**Exercise data:**

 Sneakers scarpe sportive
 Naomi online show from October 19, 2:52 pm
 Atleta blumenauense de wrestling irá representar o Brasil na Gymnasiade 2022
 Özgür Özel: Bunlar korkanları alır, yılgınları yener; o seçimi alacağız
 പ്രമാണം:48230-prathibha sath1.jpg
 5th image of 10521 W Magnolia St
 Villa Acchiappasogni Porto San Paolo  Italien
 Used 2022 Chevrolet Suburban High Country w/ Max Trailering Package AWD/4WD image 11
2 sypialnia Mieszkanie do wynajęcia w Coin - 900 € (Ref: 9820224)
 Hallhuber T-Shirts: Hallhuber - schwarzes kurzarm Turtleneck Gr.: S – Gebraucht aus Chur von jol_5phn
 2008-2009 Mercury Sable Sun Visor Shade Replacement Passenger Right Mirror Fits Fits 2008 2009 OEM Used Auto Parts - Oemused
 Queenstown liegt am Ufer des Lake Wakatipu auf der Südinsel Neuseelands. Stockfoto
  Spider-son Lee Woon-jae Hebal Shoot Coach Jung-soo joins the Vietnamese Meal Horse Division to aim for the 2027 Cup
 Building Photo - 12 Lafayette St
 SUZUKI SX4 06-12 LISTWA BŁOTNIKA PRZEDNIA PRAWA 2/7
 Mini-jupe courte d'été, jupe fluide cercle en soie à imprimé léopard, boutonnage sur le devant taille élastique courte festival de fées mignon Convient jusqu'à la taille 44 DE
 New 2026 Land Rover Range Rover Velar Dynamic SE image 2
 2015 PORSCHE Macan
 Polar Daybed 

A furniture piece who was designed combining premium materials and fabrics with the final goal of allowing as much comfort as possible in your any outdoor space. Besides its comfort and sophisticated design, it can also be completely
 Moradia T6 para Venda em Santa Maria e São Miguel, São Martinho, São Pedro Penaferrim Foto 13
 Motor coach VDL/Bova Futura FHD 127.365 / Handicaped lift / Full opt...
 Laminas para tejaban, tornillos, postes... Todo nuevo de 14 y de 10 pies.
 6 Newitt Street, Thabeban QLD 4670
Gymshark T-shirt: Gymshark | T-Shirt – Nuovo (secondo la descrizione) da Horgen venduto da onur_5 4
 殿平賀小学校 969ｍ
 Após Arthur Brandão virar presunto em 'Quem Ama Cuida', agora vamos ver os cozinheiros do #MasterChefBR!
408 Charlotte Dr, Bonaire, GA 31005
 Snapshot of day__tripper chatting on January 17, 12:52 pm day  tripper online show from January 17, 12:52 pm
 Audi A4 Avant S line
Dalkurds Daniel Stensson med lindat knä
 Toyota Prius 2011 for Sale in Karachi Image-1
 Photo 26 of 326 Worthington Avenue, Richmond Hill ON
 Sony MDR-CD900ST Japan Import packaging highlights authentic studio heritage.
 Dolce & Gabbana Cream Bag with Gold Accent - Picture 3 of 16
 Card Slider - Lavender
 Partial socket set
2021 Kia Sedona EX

**Requirement:** Exactly as written above, copy out all the records.

**Result for this task:**
 Sneakers scarpe sportive
 Naomi online show from October 19, 2:52 pm
 Atleta blumenauense de wrestling irá representar o Brasil na Gymnasiade 2022
 Özgür Özel: Bunlar korkanları alır, yılgınları yener; o seçimi alacağız
 പ്രമാണം:48230-prathibha sath1.jpg
 5th image of 10521 W Magnolia St
 Villa Acchiappasogni Porto San Paolo  Italien
 Used 2022 Chevrolet Suburban High Country w/ Max Trailering Package AWD/4WD image 11
2 sypialnia Mieszkanie do wynajęcia w Coin - 900 € (Ref: 9820224)
 Hallhuber T-Shirts: Hallhuber - schwarzes kurzarm Turtleneck Gr.: S – Gebraucht aus Chur von jol_5phn
 2008-2009 Mercury Sable Sun Visor Shade Replacement Passenger Right Mirror Fits Fits 2008 2009 OEM Used Auto Parts - Oemused
 Queenstown liegt am Ufer des Lake Wakatipu auf der Südinsel Neuseelands. Stockfoto
  Spider-son Lee Woon-jae Hebal Shoot Coach Jung-soo joins the Vietnamese Meal Horse Division to aim for the 2027 Cup
 Building Photo - 12 Lafayette St
 SUZUKI SX4 06-12 LISTWA BŁOTNIKA PRZEDNIA PRAWA 2/7
 Mini-jupe courte d'été, jupe fluide cercle en soie à imprimé léopard, boutonnage sur le devant taille élastique courte festival de fées mignon Convient jusqu'à la taille 44 DE
 New 2026 Land Rover Range Rover Velar Dynamic SE image 2
 2015 PORSCHE Macan
 Polar Daybed 

A furniture piece who was designed combining premium materials and fabrics with the final goal of allowing as much comfort as possible in your any outdoor space. Besides its comfort and sophisticated design, it can also be completely
 Moradia T6 para Venda em Santa Maria e São Miguel, São Martinho, São Pedro Penaferrim Foto 13
 Motor coach VDL/Bova Futura FHD 127.365 / Handicaped lift / Full opt...
 Laminas para tejaban, tornillos, postes... Todo nuevo de 14 y de 10 pies.
 6 Newitt Street, Thabeban QLD 4670
Gymshark T-shirt: Gymshark | T-Shirt – Nuovo (secondo la descrizione) da Horgen venduto da onur_5 4
 殿平賀小学校 969ｍ
 Após Arthur Brandão virar presunto em 'Quem Ama Cuida', agora vamos ver os cozinheiros do #MasterChefBR!
408 Charlotte Dr, Bonaire, GA 31005
 Snapshot of day__tripper chatting on January 17, 12:52 pm day  tripper online show from January 17, 12:52 pm
 Audi A4 Avant S line
Dalkurds Daniel Stensson med lindat knä
 Toyota Prius 2011 for Sale in Karachi Image-1
 Photo 26 of 326 Worthington Avenue, Richmond Hill ON
 Sony MDR-CD900ST Japan Import packaging highlights authentic studio heritage.
 Dolce & Gabbana Cream Bag with Gold Accent - Picture 3 of 16
 Card Slider - Lavender
 Partial socket set
2021 Kia Sedona EX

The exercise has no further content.